Vincent Labrune, le président de la LFP, a prié pour qu'Alkmaar ne prive pas la France des quatre places en C1 qui lui étaient promises. Et il fait tout pour motiver les clubs français sur la scène européenne.
Même s'il est passionné de foot, Vincent Labrune n'aurait jamais pensé suivre avec assiduité une rencontre de Ligue Europa Conference entre West Ham et Alkmaar (2-1, jeudi). Mais il était vital que les Néerlandais ne gagnent pas pour que le football français conserve son cinquième rang européen synonyme de quatre tickets (3 directs + 1 qualifié pour le 3e tour préliminaire) en Ligue des champions à partir de la saison 2024-2025.
« Avez-vous remercié West Ham qui vous a bien aidé en battant Alkmaar jeudi soir ?
Pas encore... Mais c'est vrai que c'est un soulagement au vu de notre mauvaise saison européenne. On était même proche d'un scénario catastrophe (Alkmaar menait 1-0 à la mi-temps). Il faut reconnaître que l'on n'a pas eu beaucoup de réussite, parce que les deux-tiers de nos équipes ont été sorties soit aux tirs au but (Monaco et Rennes) soit au bout du temps additionnel (Marseille et Nice). Pas une d'entre elles n'a balancé ses matches. Le pire était possible et finalement ça se termine bien. On fera passer un petit message sympathique aux dirigeants de West Ham... Mais je considère aussi qu'ils peuvent remercier la Ligue 1 qui forme des talents. Ils ont plus de la moitié de leurs titulaires venus du Championnat de France (Alphonse Aréola, Thilo Kehrer, Kurt Zouma, Nayef Aguerd, Lucas Paqueta et Saïd Benrahma ont démarré jeudi). C'est un clin d'oeil sympa.
On vous sent soulagé...
Forcément. Mais une fois que l'on a dit ça, c'est surtout une grosse satisfaction pour le football français. Et ce n'est pas que de la chance ou le fruit du hasard. Avec les Néerlandais, cela été très serré, mais cette issue positive vient des performances des clubs français la saison dernière. Car il y a malgré tout une prise de conscience générale, impulsée par la Ligue, de la priorité à donner aux performances européennes. On a fini deuxième au classement européen en 2021-2022. C'est grâce à cela que l'on a pu garder cette cinquième place.

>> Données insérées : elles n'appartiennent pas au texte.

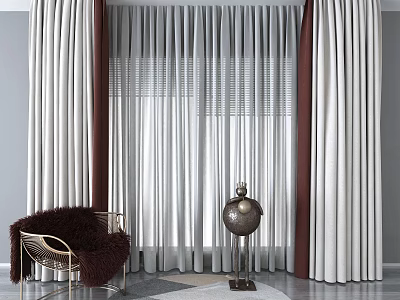 Modern Layered Curtains In Neutral Tones With Living Room Accent Chair And Decor 3d model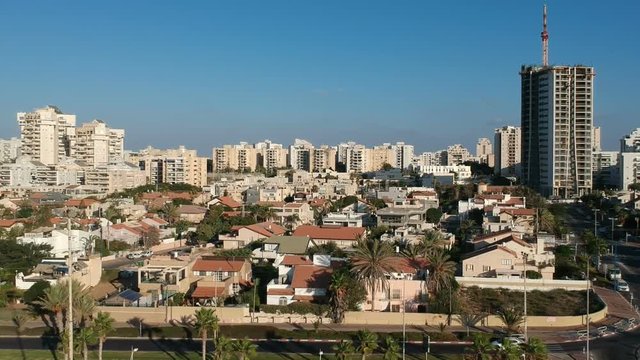 Fly over the city Ashdod, Israel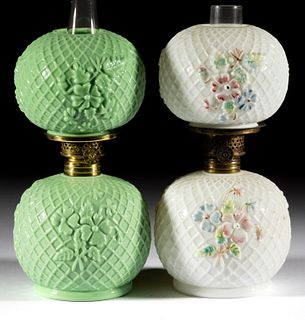 EMBOSSED LATTICE AND FLORAL / MARGUERITE MINIATURE LAMPS, LOT OF TWO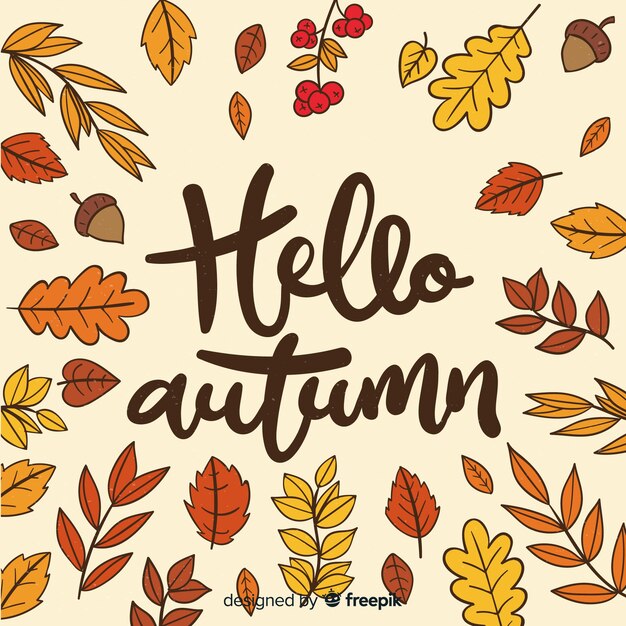Hello autumn lettering with leaves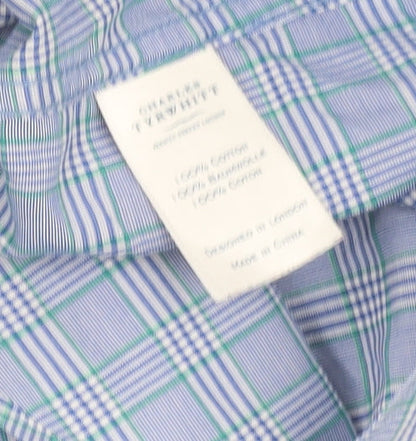 Charles Tyrwhitt Men's Blue Check Extra-Slim Fit Shirt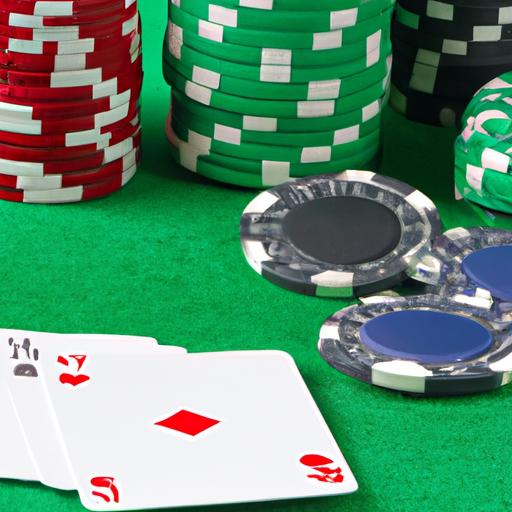 Gần cận về các con chip poker và lá bài trên bàn xanh
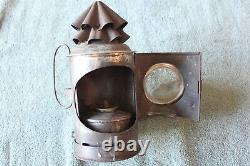 Antique Tin Metal Oil Lamp Railroad Ship Lantern Clear Glass bubble Miners light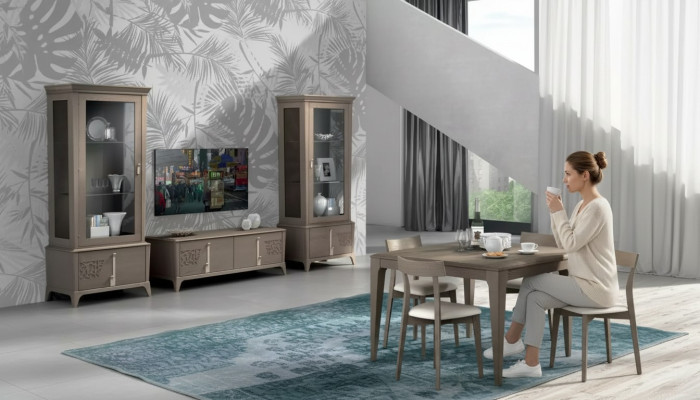 Wall unit classic TV stands living room display cabinet sideboard gray 3-piece set.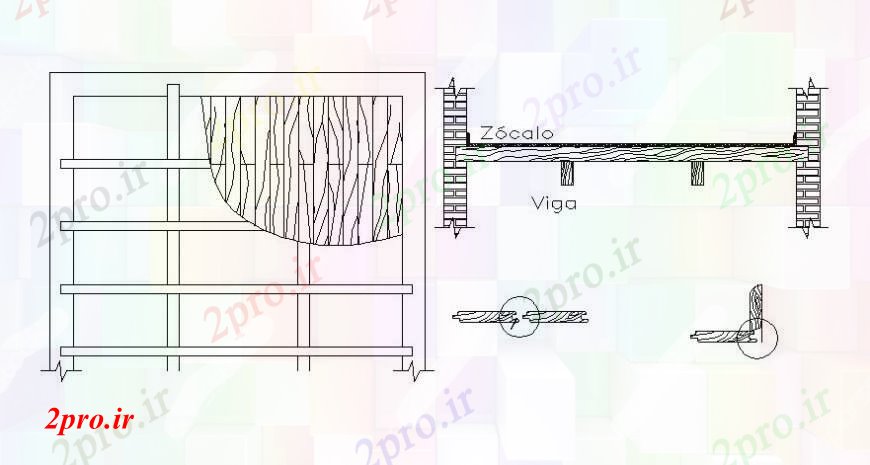 دانلود نقشه جزئیات ساخت و ساز پرتو و دیوار آجری  جزئیات چوبی طراحی  دو بعدی   (کد112749)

Et aussi au parcours du FC Nantes en Ligue Europa (barrages).
Quelle conséquence aurait eu la perte de cette cinquième place ?
Avec notre partenaire CVC (le fonds américain qui va injecter un total de 1,5 milliard d'euros), on a un plan stratégique de développement et de croissance qui passe par l'augmentation de nos revenus globaux, notamment internationaux. Avoir une place supplémentaire en Ligue des champions, c'est clé. Cela va permettre d'avoir plus de ressources UEFA pour nos clubs, plus de visibilité pour nos marques, et donc une meilleure notoriété à l'international sous réserve que nos clubs performent. On crée mécaniquement un cercle vertueux au niveau économique. Cette plus forte présence en Europe va aussi, de notre point de vue, permettre d'attirer des investisseurs étrangers importants pour renforcer la structure de nos clubs.

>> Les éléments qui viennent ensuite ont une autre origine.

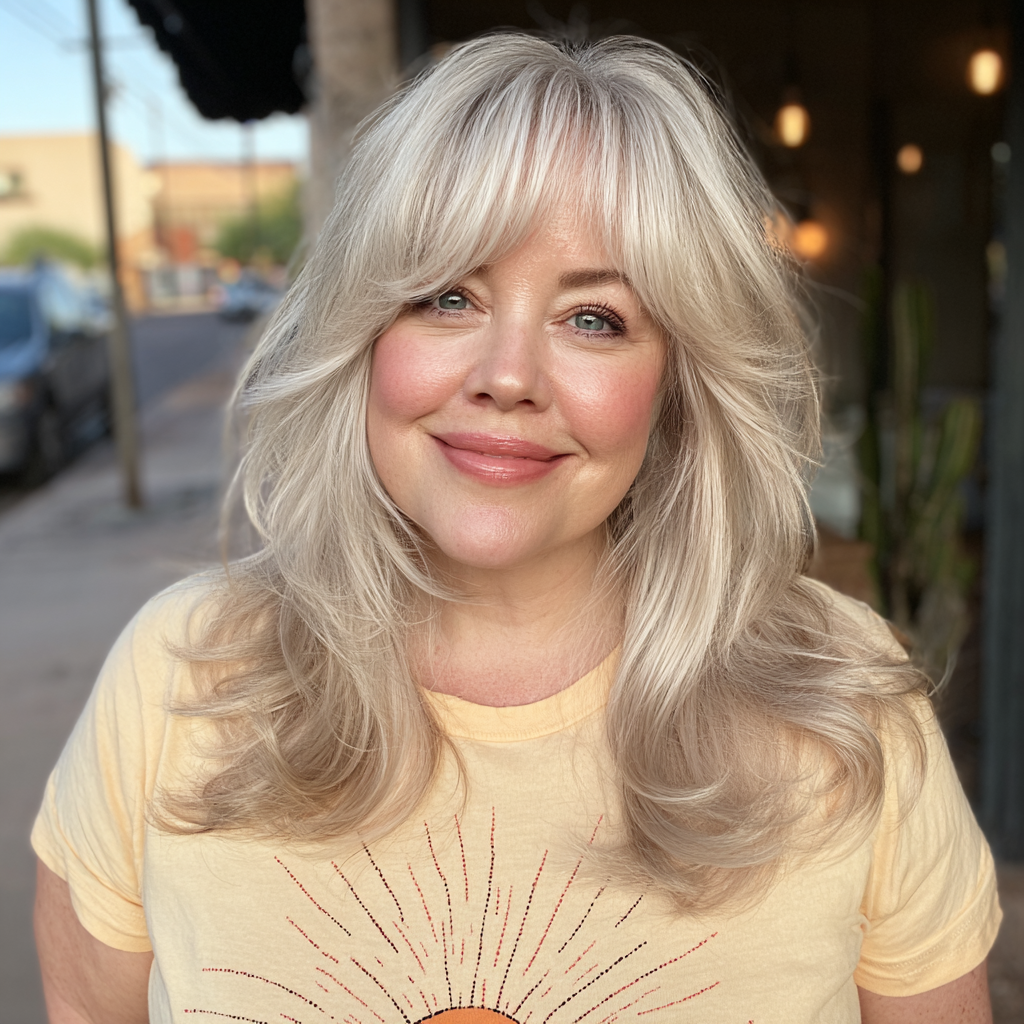 Softly Layered Blonde Cut with Flattering Face-Framing Bangs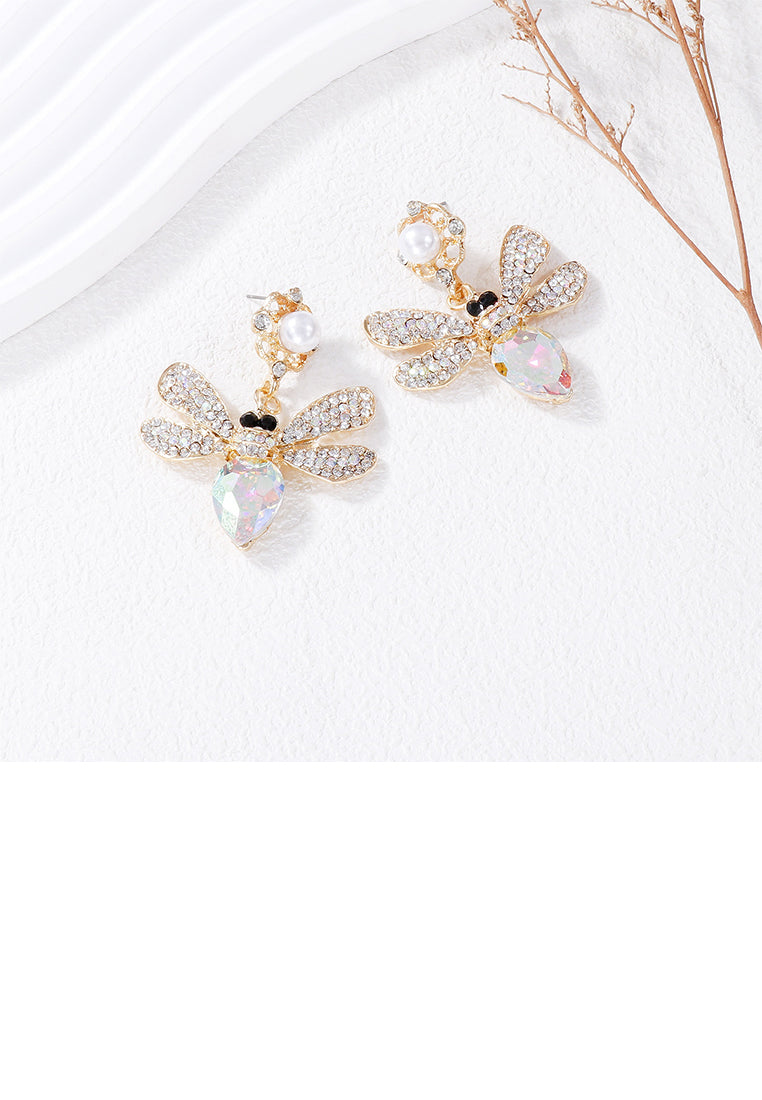 Brilliant Cute Plated Gold Bee Earrings with Colored Cubic Zirconia - Luxurious Look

Mais cette cinquième place peut être vite menacée...
Cette position est acquise pour 2024-2025, mais elle est effet fragile. Les dés roulent. Tous les ans, c'est remis en jeu. La saison prochaine, il faudra que nos clubs soient bons pour conserver cette cinquième place en 2025-2026. Mais avec six ou sept clubs, c'est plus facile de rester dans le top 5. Avec seulement cinq équipes, elles auraient forcément dû aller très loin. Cela laissait peu de place à l'aléa.

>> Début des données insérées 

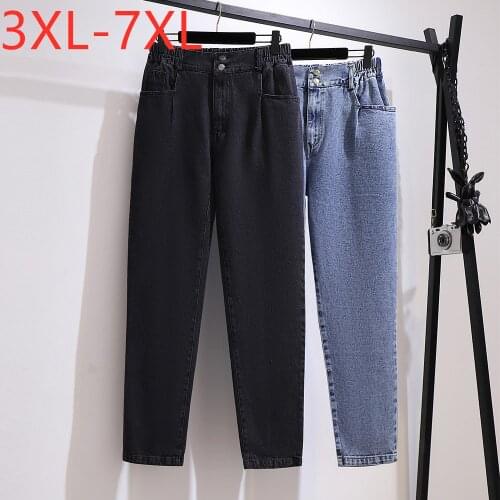New 2020 Ladies Autumn Winter Plus Size Jeans For Women Large Loose Cotton Pocket Black Blue Denim Trousers 3XL 4XL 5XL 6XL 7XL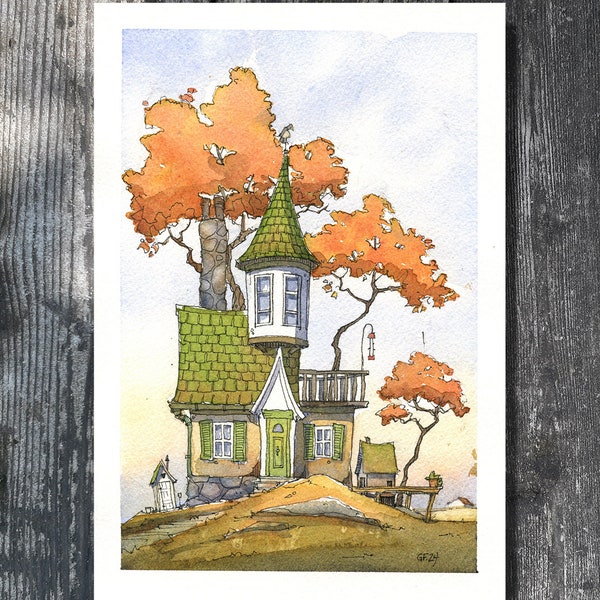 Acuarela original. Forrar y lavar. 6"x9" sin marco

Comment une partie de l'avenir du football français peut-il être à la merci de quelques victoires d'Alkmaar, un club que l'on connaissait très mal il y a encore 48 heures ?
Notre football est très autocentré. Il a une vision franco-française depuis une quinzaine d'années, sans culture européenne. La plupart des clubs sont historiquement focalisés sur le classement national et les revenus issus des droits domestiques. Ils ont souvent balayé les enjeux et les perspectives internationales, sans jamais faire des performances européennes une priorité. On paye cela avec des résultats en dents de scie. Pendant un temps, on a été portés par deux clubs très réguliers, le PSG et Lyon.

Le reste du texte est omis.